A building's walls must come down — entire classrooms and a library gutted — before Parkway Montessori and Community Middle School takes shape and opens this fall at the current home of L'Etoile du Nord French Immersion School on the city's East Side.
Still ahead, too, is the hiring and training of teachers, and for that, principal Tim Hofmann is looking for passion and commitment. He is exploring the idea of requiring teachers to sign on for at least three years with the district's new creative venture.
Once found only in private schools, the Montessori method allows students to learn at their own pace, gravitating to what interests them, in classrooms typically free of textbooks. Desks, too, give way to tables as students roam — working individually and with small groups — under the supervision of specially trained teachers.
There's a lot riding on Parkway Montessori. The district will spend about $2.9 million for building design and renovation and has enlisted past leaders of Cincinnati's pioneering public Montessori system to help train instructors — at a cost of $13,000 to $14,000 per teacher, Hofmann said.
"I want it to be the best Montessori middle school," Mary Doran, a St. Paul school board member who has two daughters attending a district Montessori elementary school, said last week. "I truly believe it can be. And we need to hit the ground running as soon as the doors are open."

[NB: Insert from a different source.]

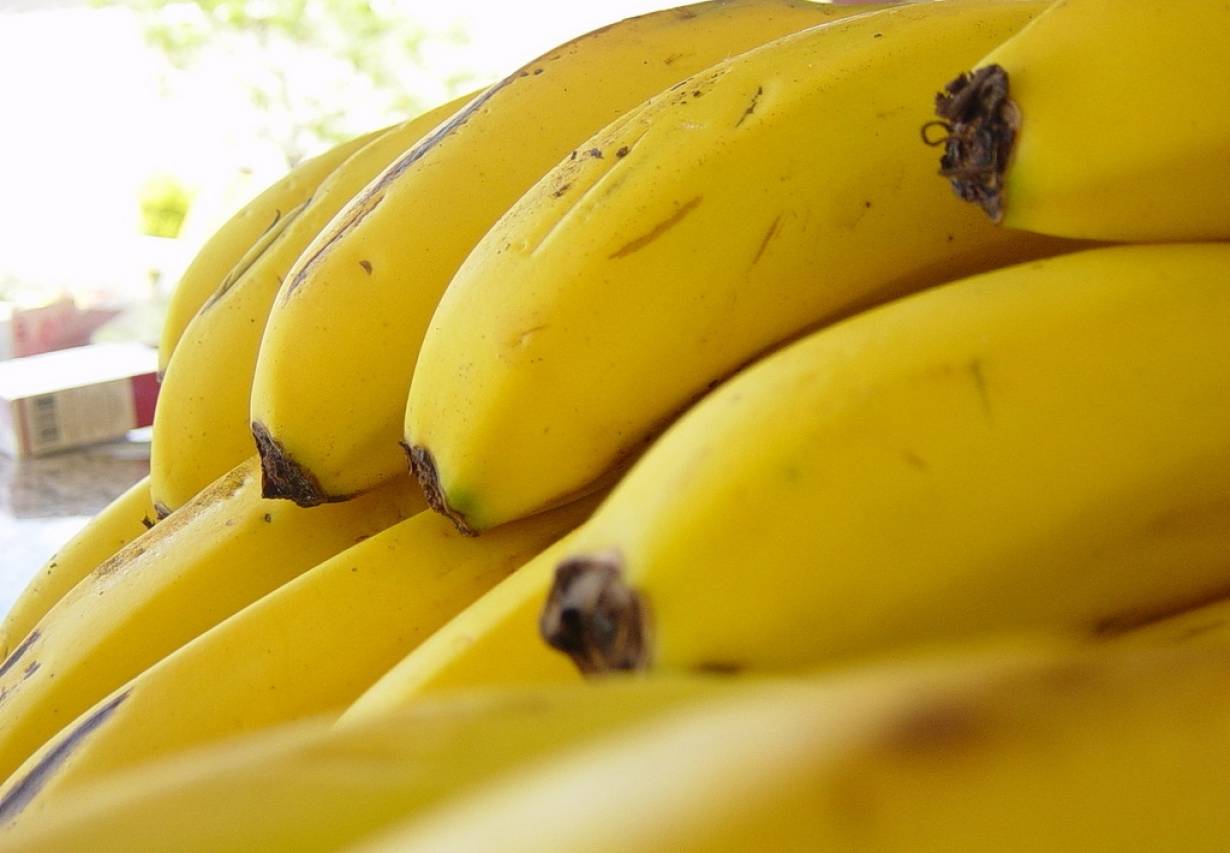 Na polski rynek rocznie trafiają banany o wartości 1 mld zł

Despite the tight time frame, she says she's confident it can be done.
Montessori as innovation
Marta Donahoe, founder and former program director of Clark Montessori Junior and Senior High School in Cincinnati, said reform-minded districts have turned increasingly to Montessori programs as one way to innovate. She said that a carefully crafted program spanning the preschool to secondary-school ages can answer society's call for education that addresses "the whole child," helping students to be thoughtful and creative as they "find their place in the world."